**ACTIVITY:**
Write out the entire listing below exactly as it appears, minus any pictures.

**DATASET SECTION:**
◆ ◆ ◆ ◆ ◆

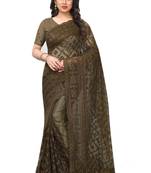 Mehendi embroidered net saree with blouse
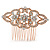 Bridal/ Wedding/ Prom/ Party Rose Gold Tone Clear Austrian Crystal Floral Side Hair Comb - 65mm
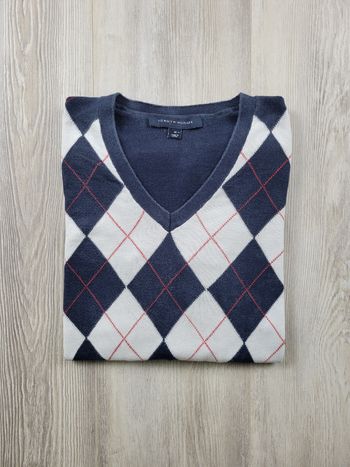 Pull Tommy Hilfiger homme M – motif losange bleu/blanc – bon état d’usage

◆ ◆ ◆ ◆ ◆

**RESULT OF THE TASK:**
 Mehendi embroidered net saree with blouse
 Bridal/ Wedding/ Prom/ Party Rose Gold Tone Clear Austrian Crystal Floral Side Hair Comb - 65mm
 Pull Tommy Hilfiger homme M – motif losange bleu/blanc – bon état d’usage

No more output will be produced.